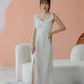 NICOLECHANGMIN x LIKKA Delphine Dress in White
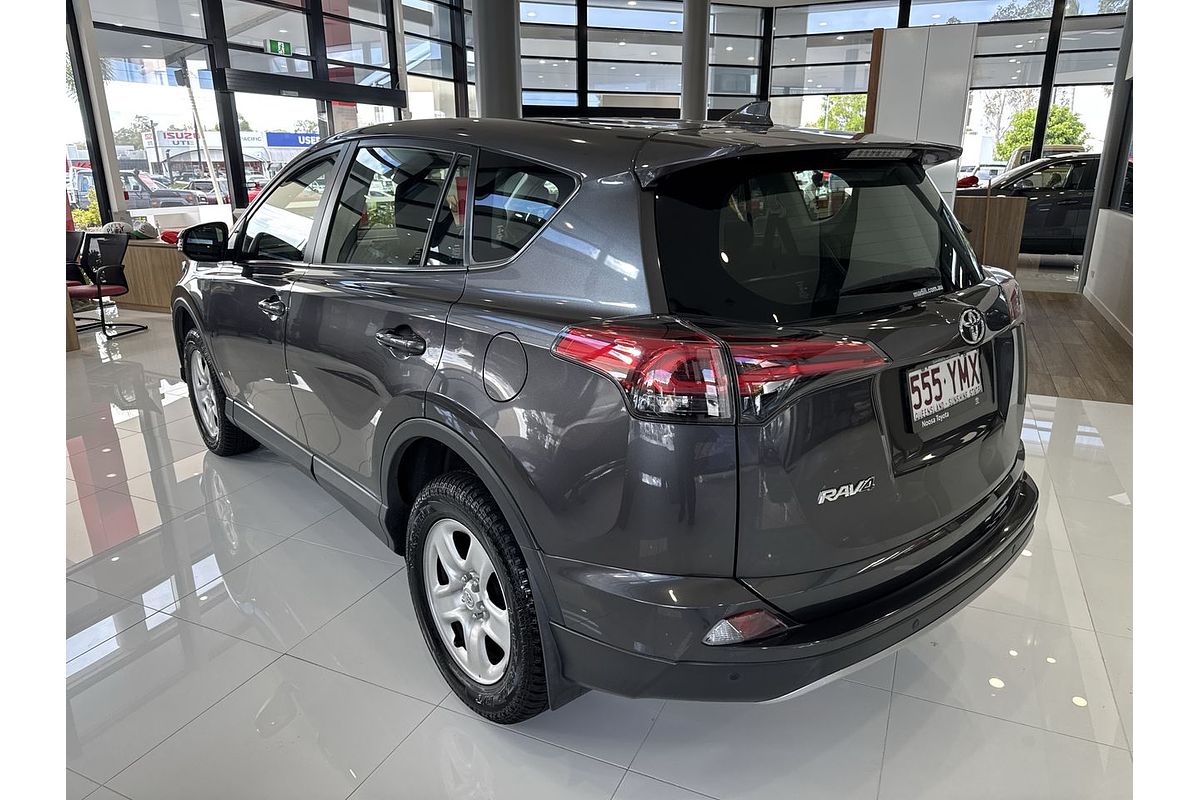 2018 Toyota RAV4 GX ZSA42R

■ ■ ■

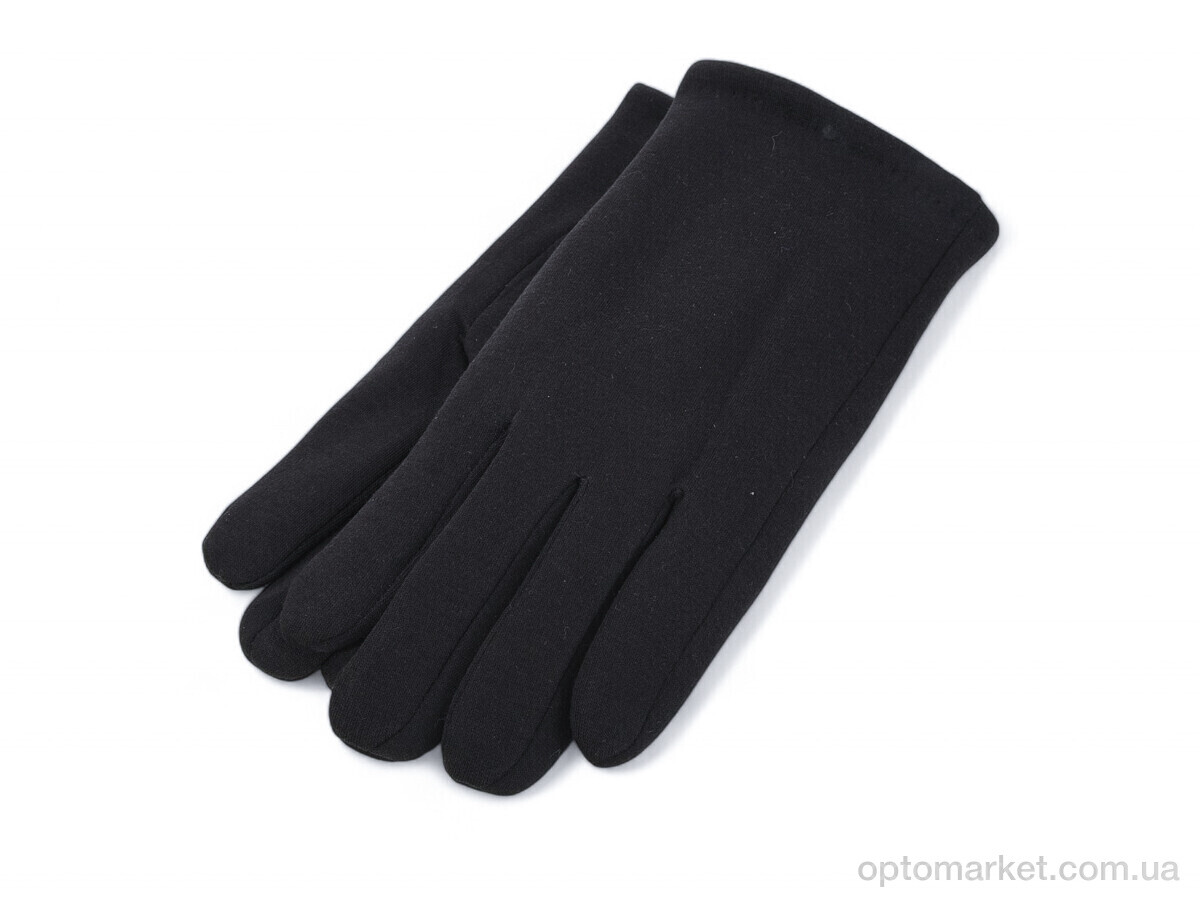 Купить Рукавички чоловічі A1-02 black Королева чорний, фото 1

■ ■ ■

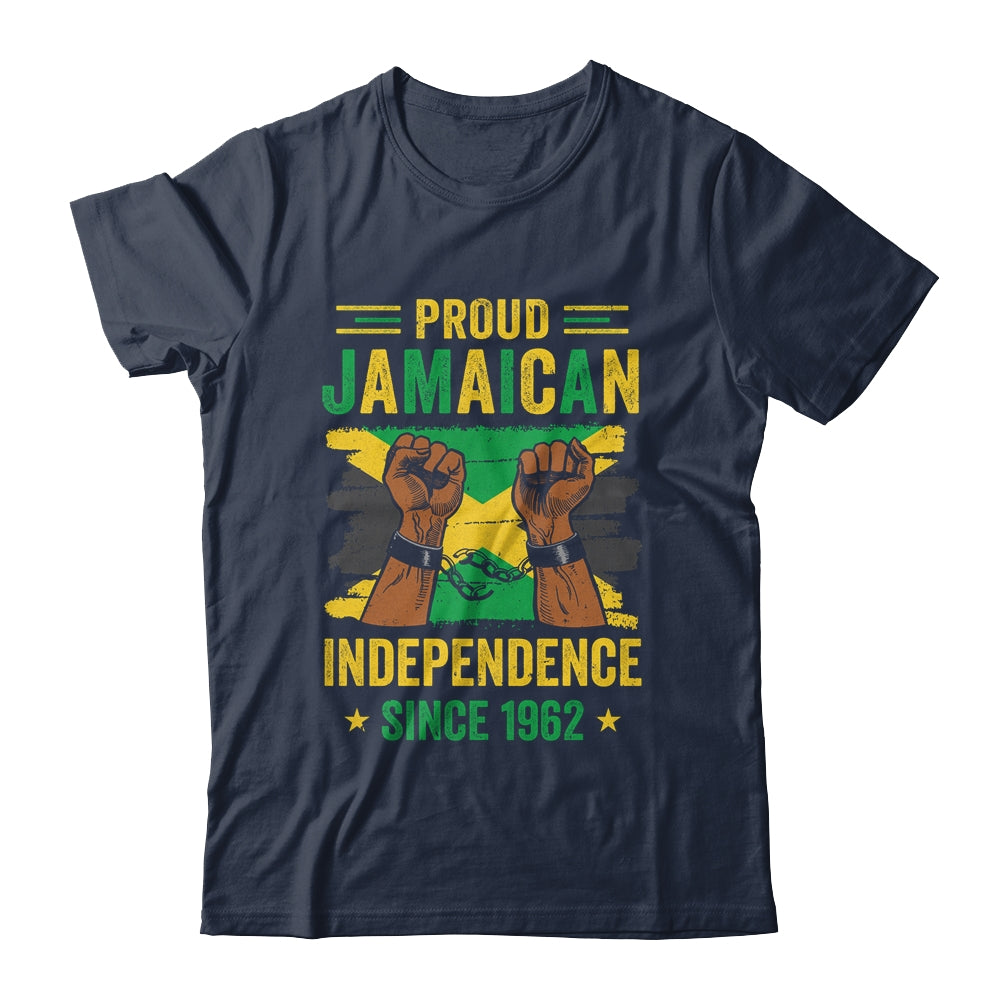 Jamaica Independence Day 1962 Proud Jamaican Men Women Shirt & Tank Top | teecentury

■ ■ ■

**Assignment**
Only one part of the material above is wanted: the lines from the one with "NICOLECHANGMIN x LIKKA" up to and including the one with "2018 Toyota RAV4 GX ZSA42R". Please copy them exactly, pictures left out.

**Your response**
 NICOLECHANGMIN x LIKKA Delphine Dress in White
 2018 Toyota RAV4 GX ZSA42R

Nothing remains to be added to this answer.